Une première! Le théâtre politique français, toujours riche en rebondissements, devrait ce mercredi soir 4 décembre, offrir un moment inédit. Sauf énorme surprise, le gouvernement de Michel Barnier sera en effet renversé par le vote d’une motion de censure déposée contre lui. Il faut 289 députés sur 577 pour que la censure soit adoptée, soit la majorité absolue. Immédiatement après, le premier ministre devra présenter sa démission à celui qui l’a nommé le 5 septembre: Emmanuel Macron, de retour d’un voyage officiel en Arabie saoudite.
Une première? Oui et non. Un autre gouvernement français est déjà tombé après avoir été censuré par les députés. Cela remonte à la nuit du 4 au 5 octobre 1962. A l’époque, le Général de Gaulle «règne» sur la France, après être revenu au pouvoir en 1958, dans une situation de crise politique aiguë. Or De Gaulle veut que le président de la République soit élu au suffrage universel.
Il a donc demandé à son Premier ministre Georges Pompidou, de défendre ce changement démocratique majeur devant l’Assemblée. Échec. Une majorité absolue de députés choisit alors de déposer, en vertu de l’article 49.2 de la Constitution de 1958, une motion de censure «spontanée». Résultat: le texte est voté et Pompidou démissionne. Mais De Gaulle résiste. Il reconduit son Premier ministre et dissout l’Assemblée le 9 octobre. Pari gagné. Les Gaullistes triomphent aux législatives qui suivent.
Un moment d’histoire
Dingue! Ce que Michel Barnier s’apprête à vivre, à partir de 16h ce mercredi 4 décembre dans l’hémicycle de l’Assemblée, face au pont de la Concorde à Paris, est donc un moment d’histoire. Contrairement à 1962, l’actuel Premier ministre âgé de 73 ans est toutefois directement responsable de ce qui va lui arriver. C’est lui qui a choisi, lundi, d’engager la responsabilité de son gouvernement pour faire adopter sans vote le projet de budget 2025 de la Sécurité sociale.

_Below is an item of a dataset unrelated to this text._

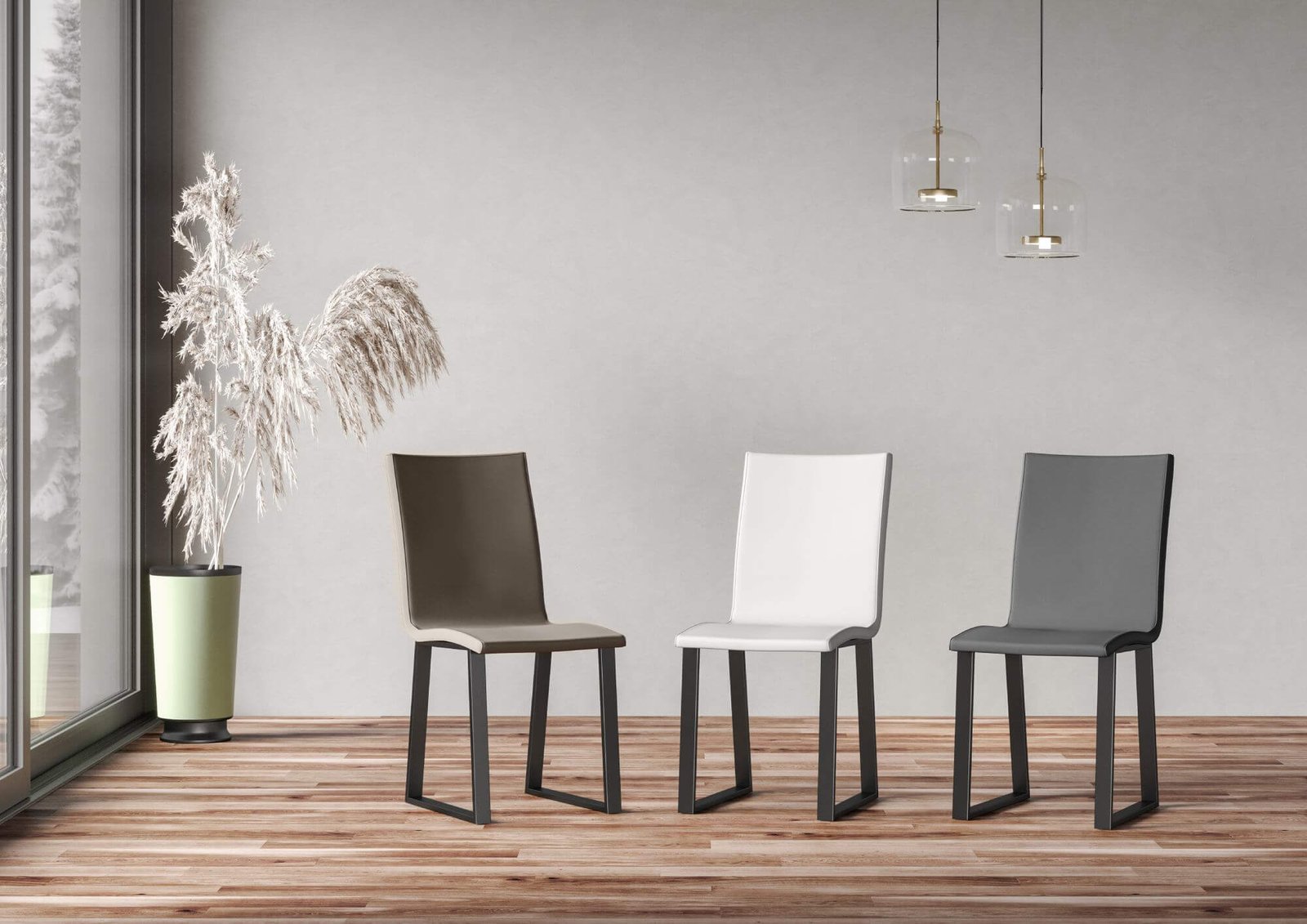 Sedia per tavolo da pranzo moderna – BAFFY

Michel Barnier a recouru pour cela au fameux article 49.3 de la Constitution, destiné à permettre à l’exécutif de contourner les oppositions. Cette méthode a été utilisée 113 fois depuis 1958. A chaque fois (jusque-là) avec succès pour les gouvernements successifs. Sauf qu’aujourd’hui, tout est différent.
S’ils tiennent parole, les députés de l’opposition du Rassemblement national (droite nationale-populiste) et du Nouveau Front populaire (la coalition de gauche qui englobe les socialistes, les écologistes, les communistes et les élus de La France Insoumise) atteindront, lors du vote des deux motions de censure déposées, le chiffre fatal de 289 députés. Le gouvernement français sera donc renversé. Et Michel Barnier devra démissionner.
Pourquoi cette crise?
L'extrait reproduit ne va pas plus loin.